The need for new models is clear, but implementation faces high hurdles in systems that were built for very different types of coverage and reimbursement. Portability of coverage, for example, is a big issue in markets where private coverage dominates. Pharma needs to lead the search for new ways to pay for these treatments, and it needs to be flexible in how it derives its revenue and profit streams.
The recommendations presented here are imperatives for the gene therapy market. How each company implements them will depend on its circumstances and on the decisions it makes in the pipeline, expertise, manufacturing, and access and reimbursement areas. Given the technical complexity of gene therapy, the need for speed, and the differences between gene therapy and traditional treatments with respect to development and manufacturing, we believe that most large companies will want to run gene therapy as a separate business unit that brings together all the capabilities needed. Containing specialized regulatory, commercial, manufacturing, and clinical expertise, the unit would handle everything from preclinical phase through commercialization. It will likely need its own KPIs, metrics for success, and incentive programs. A separate organization may be the only way for large pharma companies to achieve the focus and the concentration of expertise necessary to bring gene therapies to profitable business fruition.

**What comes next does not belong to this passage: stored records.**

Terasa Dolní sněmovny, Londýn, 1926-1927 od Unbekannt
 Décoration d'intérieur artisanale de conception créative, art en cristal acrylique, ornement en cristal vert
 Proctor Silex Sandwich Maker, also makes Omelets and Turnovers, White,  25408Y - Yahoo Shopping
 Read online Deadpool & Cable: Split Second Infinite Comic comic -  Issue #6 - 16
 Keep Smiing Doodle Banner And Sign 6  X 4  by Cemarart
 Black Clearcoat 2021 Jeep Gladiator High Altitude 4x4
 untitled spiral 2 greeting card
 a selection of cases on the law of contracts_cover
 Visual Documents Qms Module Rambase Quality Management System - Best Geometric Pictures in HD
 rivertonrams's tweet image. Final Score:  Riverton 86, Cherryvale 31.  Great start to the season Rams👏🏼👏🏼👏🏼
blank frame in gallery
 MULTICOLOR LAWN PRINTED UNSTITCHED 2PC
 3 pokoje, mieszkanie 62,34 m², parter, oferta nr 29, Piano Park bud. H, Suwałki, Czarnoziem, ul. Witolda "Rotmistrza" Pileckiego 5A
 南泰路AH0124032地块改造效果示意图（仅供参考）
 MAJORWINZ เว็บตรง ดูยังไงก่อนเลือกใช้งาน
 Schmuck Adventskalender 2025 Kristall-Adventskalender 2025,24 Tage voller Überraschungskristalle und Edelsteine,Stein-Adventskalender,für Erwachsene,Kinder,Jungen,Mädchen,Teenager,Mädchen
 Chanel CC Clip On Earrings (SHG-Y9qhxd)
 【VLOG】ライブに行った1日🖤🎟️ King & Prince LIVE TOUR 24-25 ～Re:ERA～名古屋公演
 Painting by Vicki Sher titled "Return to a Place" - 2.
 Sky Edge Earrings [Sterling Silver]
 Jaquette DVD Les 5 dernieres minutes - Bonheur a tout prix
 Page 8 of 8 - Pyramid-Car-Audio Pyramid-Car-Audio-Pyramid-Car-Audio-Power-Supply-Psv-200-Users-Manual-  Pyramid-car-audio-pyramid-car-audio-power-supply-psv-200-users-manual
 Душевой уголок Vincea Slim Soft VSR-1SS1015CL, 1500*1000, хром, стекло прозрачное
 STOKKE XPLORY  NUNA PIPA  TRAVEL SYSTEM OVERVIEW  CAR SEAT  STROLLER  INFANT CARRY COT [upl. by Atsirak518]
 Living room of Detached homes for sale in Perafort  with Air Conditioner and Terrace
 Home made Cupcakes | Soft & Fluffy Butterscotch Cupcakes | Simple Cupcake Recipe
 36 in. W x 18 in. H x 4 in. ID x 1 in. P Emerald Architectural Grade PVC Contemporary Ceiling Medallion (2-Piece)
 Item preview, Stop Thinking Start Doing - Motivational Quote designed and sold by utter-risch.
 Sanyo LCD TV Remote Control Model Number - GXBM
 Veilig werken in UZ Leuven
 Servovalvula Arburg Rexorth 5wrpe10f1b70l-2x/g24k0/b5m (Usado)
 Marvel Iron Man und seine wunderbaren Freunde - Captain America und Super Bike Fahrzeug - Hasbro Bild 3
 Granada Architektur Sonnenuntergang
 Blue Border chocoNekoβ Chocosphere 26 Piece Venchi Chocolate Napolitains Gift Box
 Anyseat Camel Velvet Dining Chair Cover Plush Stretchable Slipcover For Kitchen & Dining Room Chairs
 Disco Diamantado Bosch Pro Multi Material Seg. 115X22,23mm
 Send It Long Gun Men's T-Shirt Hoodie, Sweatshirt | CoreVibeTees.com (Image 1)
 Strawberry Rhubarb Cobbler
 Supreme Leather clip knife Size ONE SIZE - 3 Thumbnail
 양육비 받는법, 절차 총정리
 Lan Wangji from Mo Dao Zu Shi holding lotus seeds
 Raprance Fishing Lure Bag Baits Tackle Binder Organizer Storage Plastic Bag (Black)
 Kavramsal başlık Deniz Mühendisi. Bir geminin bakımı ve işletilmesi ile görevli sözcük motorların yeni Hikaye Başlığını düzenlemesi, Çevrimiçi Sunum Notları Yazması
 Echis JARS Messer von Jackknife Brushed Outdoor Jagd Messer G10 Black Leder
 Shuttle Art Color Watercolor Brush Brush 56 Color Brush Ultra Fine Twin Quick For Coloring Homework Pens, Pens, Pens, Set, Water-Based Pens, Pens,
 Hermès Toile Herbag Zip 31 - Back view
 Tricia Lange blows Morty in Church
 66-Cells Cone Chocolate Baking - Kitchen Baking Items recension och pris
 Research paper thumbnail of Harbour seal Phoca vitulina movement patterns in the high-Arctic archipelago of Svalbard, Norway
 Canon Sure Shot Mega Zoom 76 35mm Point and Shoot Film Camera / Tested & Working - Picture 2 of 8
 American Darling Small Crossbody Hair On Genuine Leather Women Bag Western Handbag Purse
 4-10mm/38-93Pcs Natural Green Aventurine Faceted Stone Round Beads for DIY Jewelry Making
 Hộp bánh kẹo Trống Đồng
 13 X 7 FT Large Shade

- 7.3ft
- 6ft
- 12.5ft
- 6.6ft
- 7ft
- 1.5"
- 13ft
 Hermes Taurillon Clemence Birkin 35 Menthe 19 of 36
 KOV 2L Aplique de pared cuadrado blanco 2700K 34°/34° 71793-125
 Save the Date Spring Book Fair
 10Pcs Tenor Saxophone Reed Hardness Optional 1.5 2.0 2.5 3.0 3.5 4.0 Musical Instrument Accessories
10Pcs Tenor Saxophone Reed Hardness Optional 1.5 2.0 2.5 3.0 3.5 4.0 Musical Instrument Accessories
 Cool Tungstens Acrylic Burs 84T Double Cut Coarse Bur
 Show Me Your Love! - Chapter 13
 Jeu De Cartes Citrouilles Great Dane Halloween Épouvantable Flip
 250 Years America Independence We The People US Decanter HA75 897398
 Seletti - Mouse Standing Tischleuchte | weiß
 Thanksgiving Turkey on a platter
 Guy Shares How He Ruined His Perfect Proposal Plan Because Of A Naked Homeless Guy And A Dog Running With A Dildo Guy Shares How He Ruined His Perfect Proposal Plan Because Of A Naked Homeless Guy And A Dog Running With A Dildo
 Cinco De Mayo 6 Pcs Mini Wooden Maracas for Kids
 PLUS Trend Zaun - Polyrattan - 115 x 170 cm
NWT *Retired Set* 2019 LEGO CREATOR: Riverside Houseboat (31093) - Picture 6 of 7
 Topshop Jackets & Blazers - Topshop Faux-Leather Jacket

There is little doubt that gene therapy is a clinical and commercial reality. This is an enormous scientific accomplishment and a commercial starting point. Companies that want to bring these once theoretical treatments to market must approach the task with creativity, flexibility, and an appetite for uncharted territory. The scientific foundation is in place, but there is still much to do to deliver the full benefit of gene therapy to patients.